Timberlake has been on a promotional run over the past few days timed to the release of “Selfish,” the lead single from his upcoming album Everything I Thought It Was, out March 15. “I am in love with Justin Timberlake’s new song ‘Selfish’ it is soo good,” Spears added on Instagram, noting that whenever she sees Timberlake and Fallon together it makes her “laugh so hard.” The upcoming LP will mark his first in six years, but anticipation for his comeback was largely deflated when The Woman in Me arrived — even more so than it was when a string of documentaries about Spears were released in recent years.
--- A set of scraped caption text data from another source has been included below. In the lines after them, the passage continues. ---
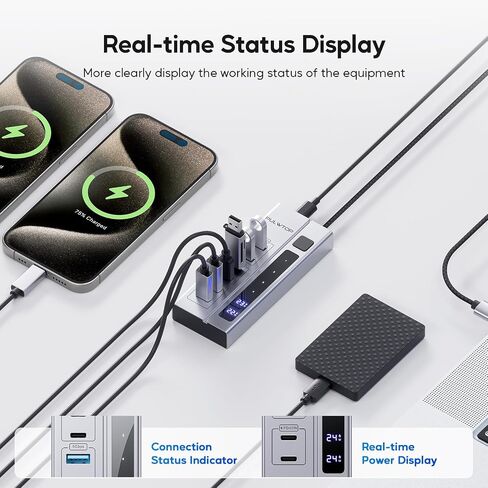 9-in-1 Powered USB C Hub, USB 3.2 Data Hub with 65W PD-in Power Adapter, 3 x USB-C 10Gbps, 4 x USB-A 5Gbps and 2 x 20/45W USB-C PD Charging Ports USB Splitter for Mac, PC and USB Flash Drives in Saudi Arabia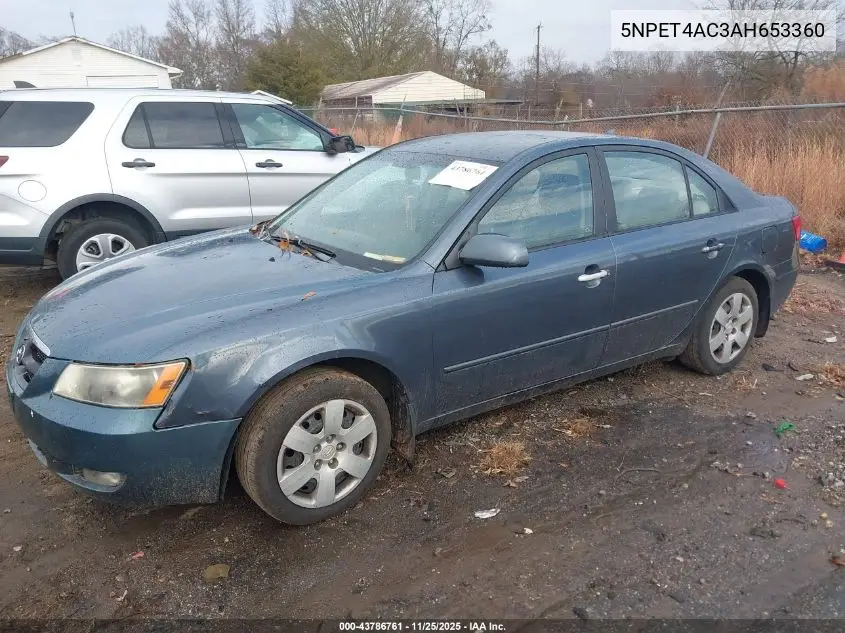 5NPET4AC3AH653360 2010 Hyundai Sonata Gls
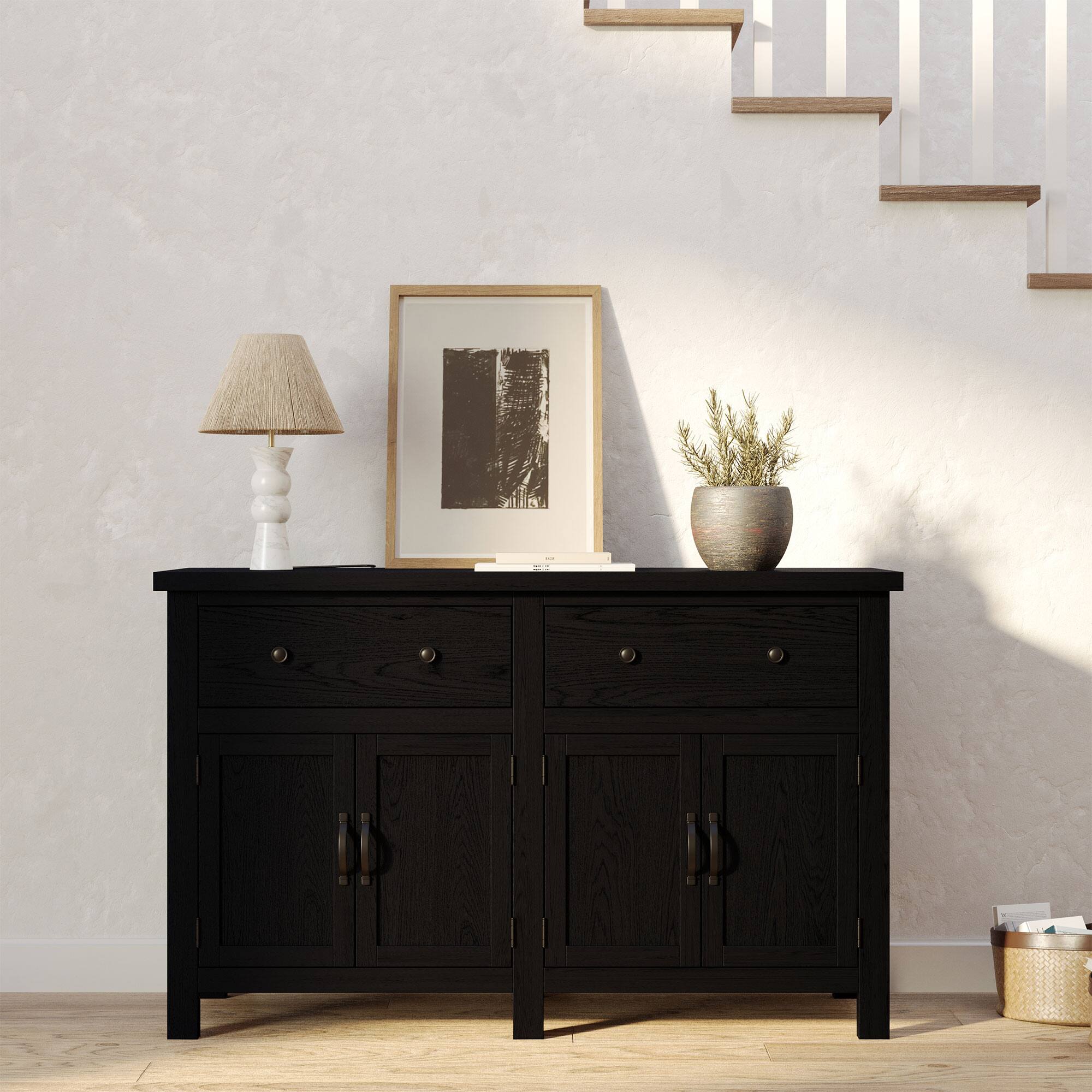 Alt View 10. Maven Lane - Maven Lane Felix Rustic Wooden Sideboard in Weathered Black Finish - Weathered Black.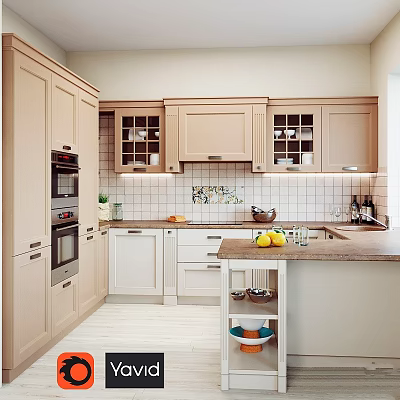 Modern Light Colored Kitchen Cabinets With Glass Fronted Wall Units And Countertop Fruits 3d model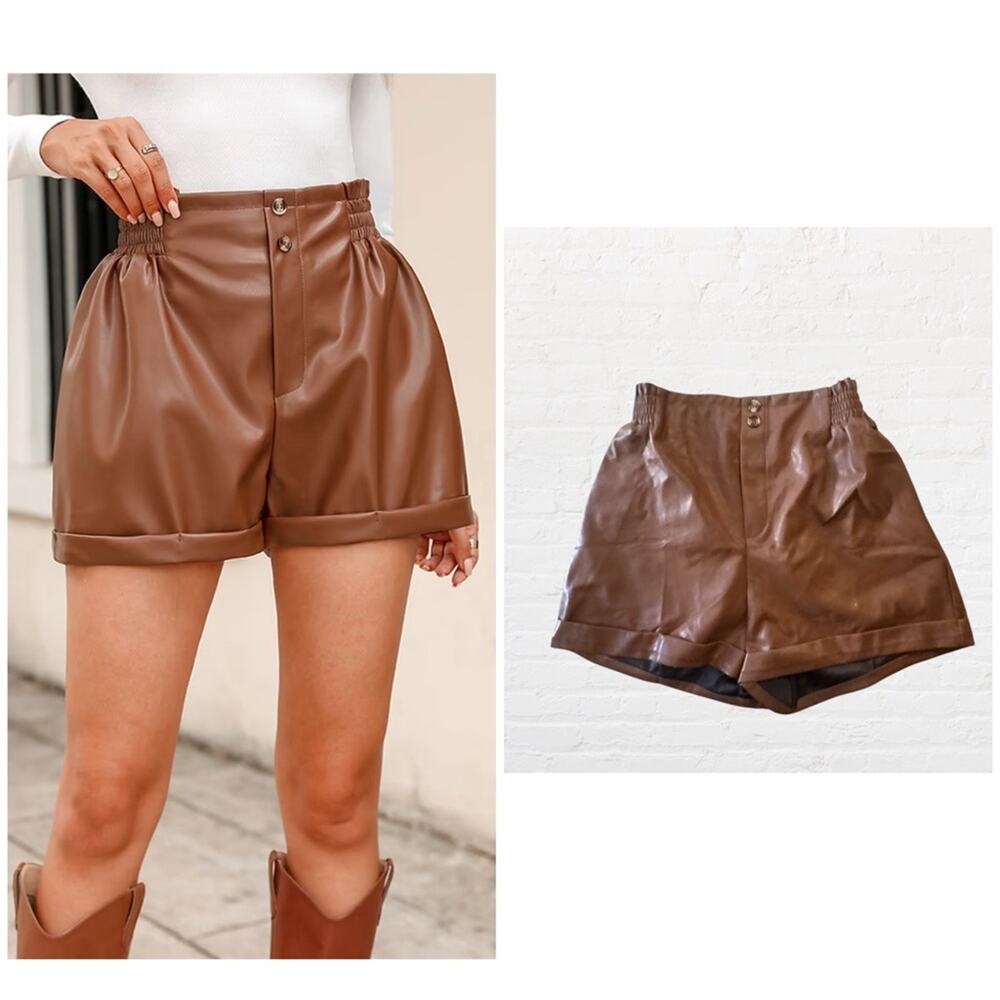 NEW Cupshe Franny High Waist Faux Leather Paperbag Brown Leather Shorts, M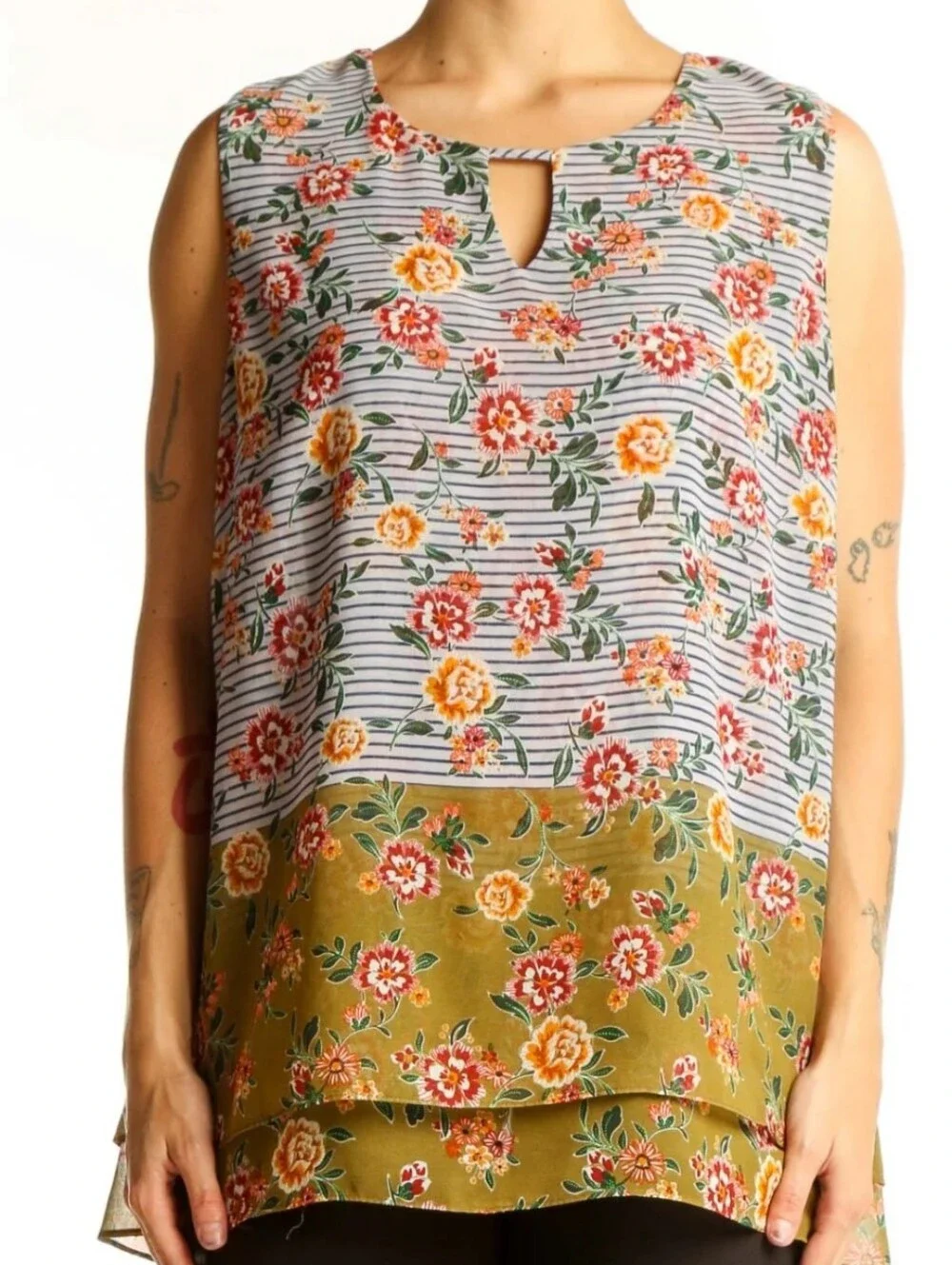 Cabi Penelope Flora Striped Tank Top Chiffon Floral Size Medium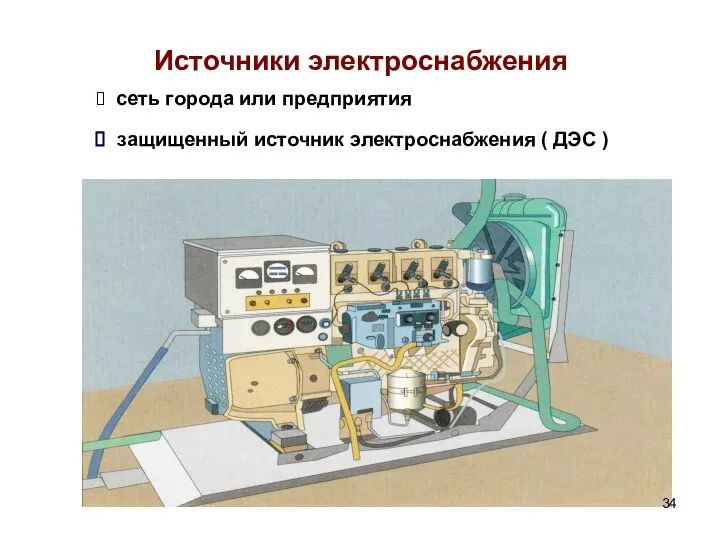 сеть города или предприятия защищенный источник электроснабжения ( ДЭС ) Источники электроснабжения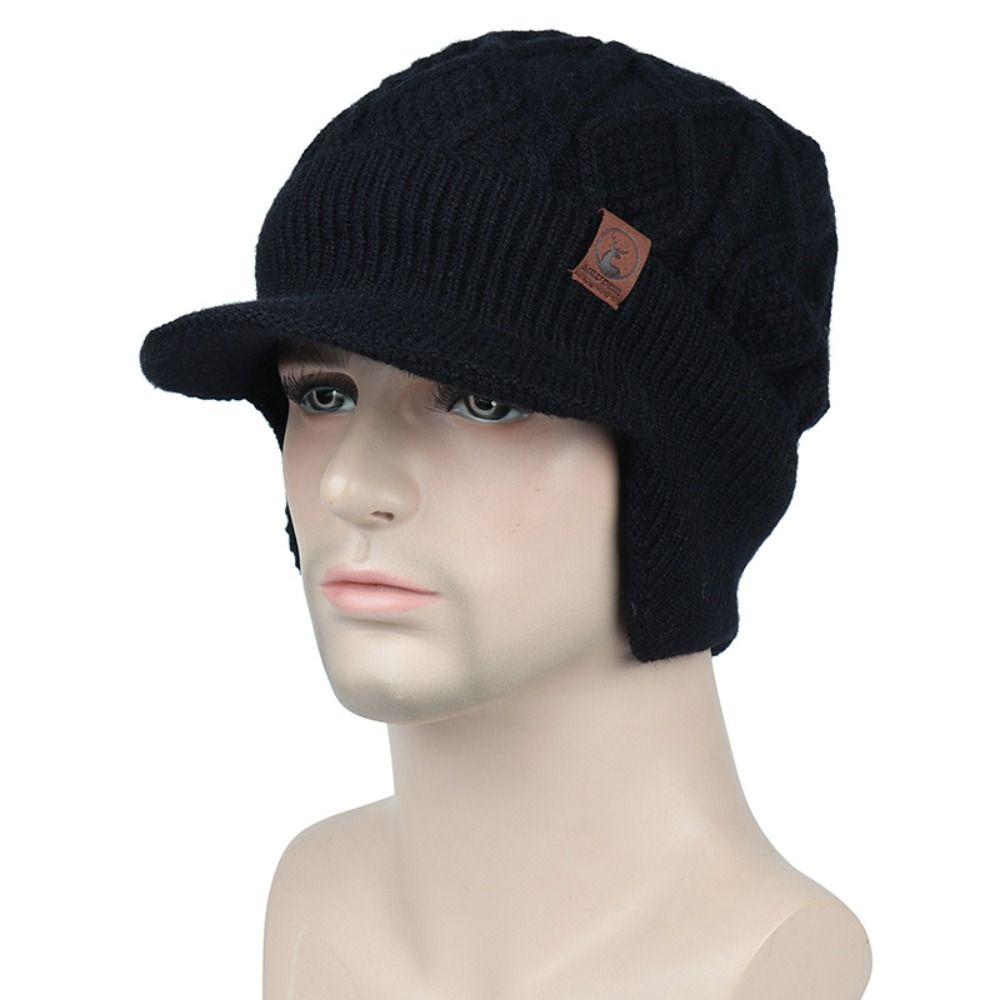 Thickened Winter Hat Warm Windproof Ski Beanie Hat Casual Knitted Hat  Birthday Gift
One passage in the memoir revealed that when they were both 19 years old, Spears unexpectedly became pregnant and Timberlake pushed for her to end the pregnancy. “I always expected us to have a family together one day. This would just be much earlier than I’d anticipated,” Spears wrote. “But Justin definitely wasn’t happy about the pregnancy. He said we weren’t ready to have a baby in our lives, that we were way too young.”
That was one year into their relationship — more than 20 years ago now — and they stayed together for an additional two years after Spears had an abortion, something she says she’s still uncertain was the right decision. When they did break up, she revealed, it was initiated by Timberlake via text message. And yet, Spears was positioned as “a harlot who’d broken the heart of America’s golden boy” in both the video for “Cry Me a River” and in the press cycle that found Diane Sawyer interrogating her about what she could have done to cause Timberlake “so much pain.”
In the immediate aftermath of the memoir’s release, Timberlake’s long-time collaborator Timbaland attempted to defend him, but only made matters worse. “She going crazy, right?” the producer said in an interview with 9th Wonder at the Kennedy Center in late October. “I wanted to call JT, ‘Man, you gotta put a muzzle on that girl.’”
Timbaland later issued an apology via TikTok live, saying: “I’m sorry to all the Britney fans, even to her,” he said in the video. “I’m sorry, because muzzle was — no, you have a voice. You speak what you want to speak. Who am I to tell you what not to speak? And I was wrong for saying that. I was looking at it from a different lens and what I am is a reconcile person. I’m not a person who takes sides… I apologize to the Britney fans and her.”
When Timberlake performed “Cry Me a River” during a Las Vegas appearance in December, he prefaced it with a quick “no disrespect” disclaimer. The singer has not officially responded directly to Spears’ memoir since its release.
Before The Woman in Me arrived, Spears did try to get ahead of the narrative that was already bubbling in the anticipation around it. “Most of the book is from 20 years ago … I have moved on and it’s a beautiful clean slate from here,” she wrote on Instagram in October. “I am here to establish it that way for the rest of my entire life!!! Either way, that is the last of it and shit happens!!! This is actually a book I didn’t know needed to be written … although some might be offended, it has given me closure on all things for a better future!!”